In his haste to get to the Med-Lab, the furry teleporter had put on two ridiculous items of clothing --- tiny red briefs with a little rocket ship on them (a Christmas gag gift that he'd taken to wearing under his uniform), and one of Kitty's t-shirts, so short that it didn't even hit his belly button.  It was a little pink number that stretched hard across his chest and said "Princess," in sequins. 

"Dios Mio," Roberto muttered, and crossed himself.  "It's da goddamn end of the world."

Logan raised an eyebrow.  "Elf?  You, uh, ya got somethin' ya wanna share?"

But Kurt didn't hear either of these remarks --- everyone else was laughing too hard, slapping their knees, crying, etc.  Everyone, that is, except the professor. 

"Well," Charles said kindly, "I believe someone needs to finish his laundry."
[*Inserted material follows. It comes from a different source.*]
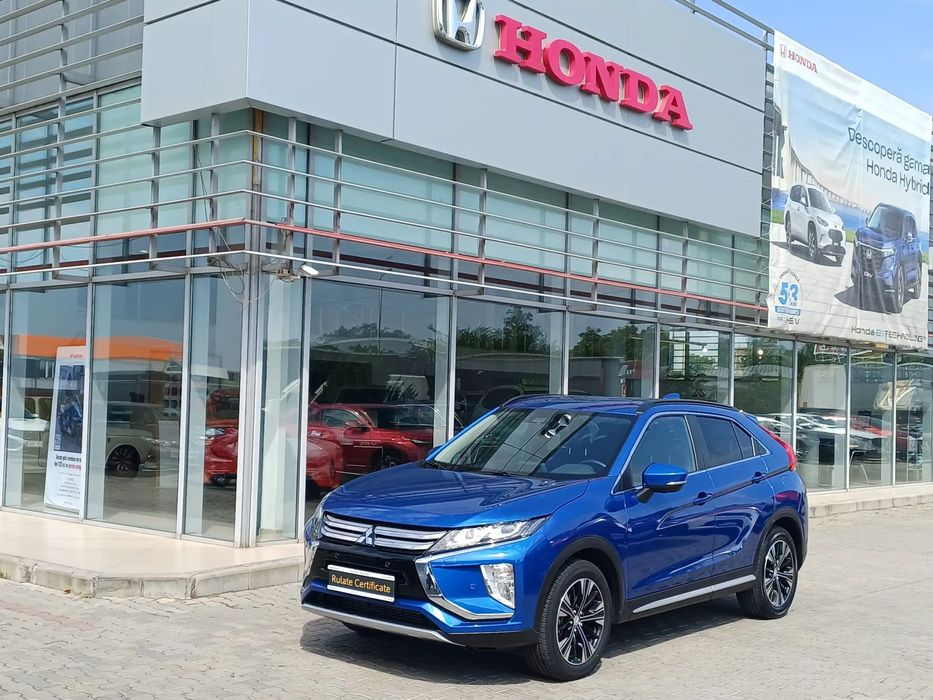 Mitsubishi Eclipse-Cross Mitsubishi ECLIPSE CROSS Intense 1.5TC CVT 2WD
Kurt was baffled.  Evan, ever the opportunist, got out a disposable camera.

"Hey, Kurt!"

Kurt turned around, in a fog, and Evan and took a picture.  Ducking his Auntie O's hand, he scampered out, accompanied by most of the new recruits. 

"Are you all right, Kurt?" Charles asked.
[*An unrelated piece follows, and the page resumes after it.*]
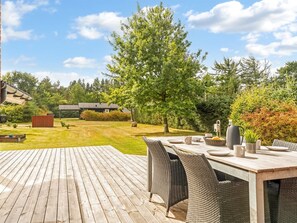 Outdoor dining - "Thurir" - 4km from the sea by Interhome (Fjerritslev)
"Ja, fine," he said, trying to shake off the flashes in front of his eyes.  "Just glad you're okay, Professor."

"I'm well, thank you."  He turned to the remaining X-Men.  "Why don't you all go now, and see if you can help Logan get the underground cubicles set up.  You all need rest after what you've been through."

The team nodded and left, herding a sleepy Kurt out in front of them.  Evan was waiting in the hall, holding up his camera.  The team was trying to hold back their snickers.  As soon as the Fuzzy One was more awake, all the fun would be gone.  

~*~X~*~

The next day, the professor was up and about, wheeling around the underbelly of the Institute.  He was inspecting the damage down below.  Most of the kids had dug through the rubble top-side and retrieved some of their possessions --- clothes, hairbrushes, books, etc. --- but there was practically nothing left of the above-ground building.  The Danger Room was blown to hell, too.  They would have to almost completely rebuild the manor.  Charles sighed.  His checkbook was going to take a major hit, he could feel it.  Wheeling into the kitchen area, he saw that the kids had put up a bulletin board, to make the place a little more cheerful.  There were notes reminding people to pick up certain groceries, one terribly-spelled note reminding Kitty not to drink milk from the bottle (he raised an eyebrow), and a whole lot of pictures that Evan had taken.

Some showed Scott and Logan putting up the sleeping cubicles.  A few others showed Scott and Logan having a fight while putting up the cubicles.  There was one shot of each "breakfast shift," all the kids in each making the peace sign at the camera … and about six pictures of a dazed and confused Kurt, in his lucky rocket ship underpants and Kitty's baby tee.  The poses got increasingly ridiculous.  Straight on.  Over the shoulder.  Stalking towards the camera.  Leaning on a wall.  Lounging on the table.  A close-up, with a kissy face.  And finally, silly celebration. 

Charles just shook his head and wheeled away, laughing.  For all the evolving that went on here, there were some things about this place that he hoped would never change.